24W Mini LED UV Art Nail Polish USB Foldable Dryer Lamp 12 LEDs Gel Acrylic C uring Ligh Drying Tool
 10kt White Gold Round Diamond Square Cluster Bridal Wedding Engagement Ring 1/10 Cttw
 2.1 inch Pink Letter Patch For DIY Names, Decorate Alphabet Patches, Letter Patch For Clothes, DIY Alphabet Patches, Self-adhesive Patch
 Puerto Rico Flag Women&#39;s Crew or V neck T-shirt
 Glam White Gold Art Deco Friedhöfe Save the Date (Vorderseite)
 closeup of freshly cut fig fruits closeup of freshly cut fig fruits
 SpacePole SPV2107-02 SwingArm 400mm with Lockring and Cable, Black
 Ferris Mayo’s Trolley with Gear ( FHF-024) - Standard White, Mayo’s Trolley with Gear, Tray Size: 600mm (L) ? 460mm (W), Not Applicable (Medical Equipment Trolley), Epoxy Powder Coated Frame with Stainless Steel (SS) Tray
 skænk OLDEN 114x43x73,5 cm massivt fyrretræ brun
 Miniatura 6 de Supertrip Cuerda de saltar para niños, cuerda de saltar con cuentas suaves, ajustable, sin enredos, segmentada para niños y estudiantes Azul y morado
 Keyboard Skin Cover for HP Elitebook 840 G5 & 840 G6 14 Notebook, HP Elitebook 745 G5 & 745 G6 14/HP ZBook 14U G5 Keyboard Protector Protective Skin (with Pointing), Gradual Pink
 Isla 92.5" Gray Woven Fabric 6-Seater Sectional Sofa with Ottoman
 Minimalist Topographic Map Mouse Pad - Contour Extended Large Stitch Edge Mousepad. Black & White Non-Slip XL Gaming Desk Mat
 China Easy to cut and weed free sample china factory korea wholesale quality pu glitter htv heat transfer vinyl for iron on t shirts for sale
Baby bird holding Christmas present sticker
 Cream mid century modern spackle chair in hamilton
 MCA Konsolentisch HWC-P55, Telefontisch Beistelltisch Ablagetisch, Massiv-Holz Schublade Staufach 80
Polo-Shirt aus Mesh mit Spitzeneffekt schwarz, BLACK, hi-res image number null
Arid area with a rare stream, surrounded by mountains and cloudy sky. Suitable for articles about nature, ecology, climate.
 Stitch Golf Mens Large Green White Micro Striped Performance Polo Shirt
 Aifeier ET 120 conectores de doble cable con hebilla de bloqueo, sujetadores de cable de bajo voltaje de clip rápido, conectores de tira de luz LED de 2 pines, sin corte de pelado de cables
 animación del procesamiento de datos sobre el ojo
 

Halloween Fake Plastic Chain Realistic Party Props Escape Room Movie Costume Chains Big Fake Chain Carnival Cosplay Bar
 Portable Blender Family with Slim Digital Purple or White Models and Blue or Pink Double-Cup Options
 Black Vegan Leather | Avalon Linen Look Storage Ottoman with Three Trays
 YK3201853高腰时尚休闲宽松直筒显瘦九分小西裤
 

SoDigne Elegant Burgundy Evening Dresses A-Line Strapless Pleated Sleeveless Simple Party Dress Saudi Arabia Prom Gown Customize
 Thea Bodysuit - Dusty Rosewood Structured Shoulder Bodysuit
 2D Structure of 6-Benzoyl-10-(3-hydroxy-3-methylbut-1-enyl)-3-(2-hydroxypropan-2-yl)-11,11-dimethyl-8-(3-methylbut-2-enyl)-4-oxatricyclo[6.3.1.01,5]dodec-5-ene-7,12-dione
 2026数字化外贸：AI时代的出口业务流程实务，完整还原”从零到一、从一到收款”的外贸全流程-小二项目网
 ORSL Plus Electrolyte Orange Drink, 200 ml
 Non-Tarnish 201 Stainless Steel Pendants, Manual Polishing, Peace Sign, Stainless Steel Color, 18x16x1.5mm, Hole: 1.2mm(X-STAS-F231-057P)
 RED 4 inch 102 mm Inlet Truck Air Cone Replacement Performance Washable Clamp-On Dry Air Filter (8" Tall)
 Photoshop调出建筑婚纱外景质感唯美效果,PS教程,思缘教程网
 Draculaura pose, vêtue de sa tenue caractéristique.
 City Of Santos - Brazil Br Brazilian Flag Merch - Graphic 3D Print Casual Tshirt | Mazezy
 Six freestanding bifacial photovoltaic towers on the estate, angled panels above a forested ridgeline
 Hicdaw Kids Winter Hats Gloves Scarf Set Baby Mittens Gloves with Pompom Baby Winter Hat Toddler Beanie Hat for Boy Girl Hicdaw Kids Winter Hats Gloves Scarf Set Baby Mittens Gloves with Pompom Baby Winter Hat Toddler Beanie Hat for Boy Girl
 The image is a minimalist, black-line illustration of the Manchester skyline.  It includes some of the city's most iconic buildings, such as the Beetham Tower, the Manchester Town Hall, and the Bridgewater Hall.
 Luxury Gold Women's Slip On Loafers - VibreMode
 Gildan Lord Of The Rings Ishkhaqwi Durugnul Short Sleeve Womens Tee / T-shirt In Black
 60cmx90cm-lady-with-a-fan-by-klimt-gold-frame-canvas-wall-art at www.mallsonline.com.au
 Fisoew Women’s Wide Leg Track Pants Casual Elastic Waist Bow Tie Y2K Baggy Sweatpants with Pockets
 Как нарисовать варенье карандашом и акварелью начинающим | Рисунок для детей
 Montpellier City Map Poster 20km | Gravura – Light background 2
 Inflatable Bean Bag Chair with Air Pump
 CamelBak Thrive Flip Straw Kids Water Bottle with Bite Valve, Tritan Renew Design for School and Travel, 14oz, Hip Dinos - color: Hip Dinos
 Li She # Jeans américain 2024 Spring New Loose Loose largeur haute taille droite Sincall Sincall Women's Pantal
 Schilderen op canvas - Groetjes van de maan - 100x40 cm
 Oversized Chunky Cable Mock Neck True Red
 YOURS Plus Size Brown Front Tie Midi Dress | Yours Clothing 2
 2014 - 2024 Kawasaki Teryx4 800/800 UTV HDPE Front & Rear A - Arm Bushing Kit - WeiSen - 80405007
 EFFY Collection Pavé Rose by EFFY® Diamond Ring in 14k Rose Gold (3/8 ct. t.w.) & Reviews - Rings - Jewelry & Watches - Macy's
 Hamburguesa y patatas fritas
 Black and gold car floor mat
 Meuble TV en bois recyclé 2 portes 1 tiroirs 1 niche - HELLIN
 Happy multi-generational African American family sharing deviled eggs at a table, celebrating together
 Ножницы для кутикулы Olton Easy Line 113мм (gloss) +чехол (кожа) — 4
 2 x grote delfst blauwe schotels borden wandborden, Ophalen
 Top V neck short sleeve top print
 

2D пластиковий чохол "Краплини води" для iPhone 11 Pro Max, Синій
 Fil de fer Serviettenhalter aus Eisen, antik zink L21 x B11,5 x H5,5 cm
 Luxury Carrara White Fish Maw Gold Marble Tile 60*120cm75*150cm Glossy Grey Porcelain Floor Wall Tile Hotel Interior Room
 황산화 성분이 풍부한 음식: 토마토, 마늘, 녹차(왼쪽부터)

☆ ☆ ☆

**Task to complete:** Copy out the range of lines above starting at the line with "Meuble TV en" and ending at the line with "Fil de fer Serviettenhalter", exactly and including both.

**Result:**
 Meuble TV en bois recyclé 2 portes 1 tiroirs 1 niche - HELLIN
 Happy multi-generational African American family sharing deviled eggs at a table, celebrating together
 Ножницы для кутикулы Olton Easy Line 113мм (gloss) +чехол (кожа) — 4
 2 x grote delfst blauwe schotels borden wandborden, Ophalen
 Top V neck short sleeve top print
 

2D пластиковий чохол "Краплини води" для iPhone 11 Pro Max, Синій
 Fil de fer Serviettenhalter aus Eisen, antik zink L21 x B11,5 x H5,5 cm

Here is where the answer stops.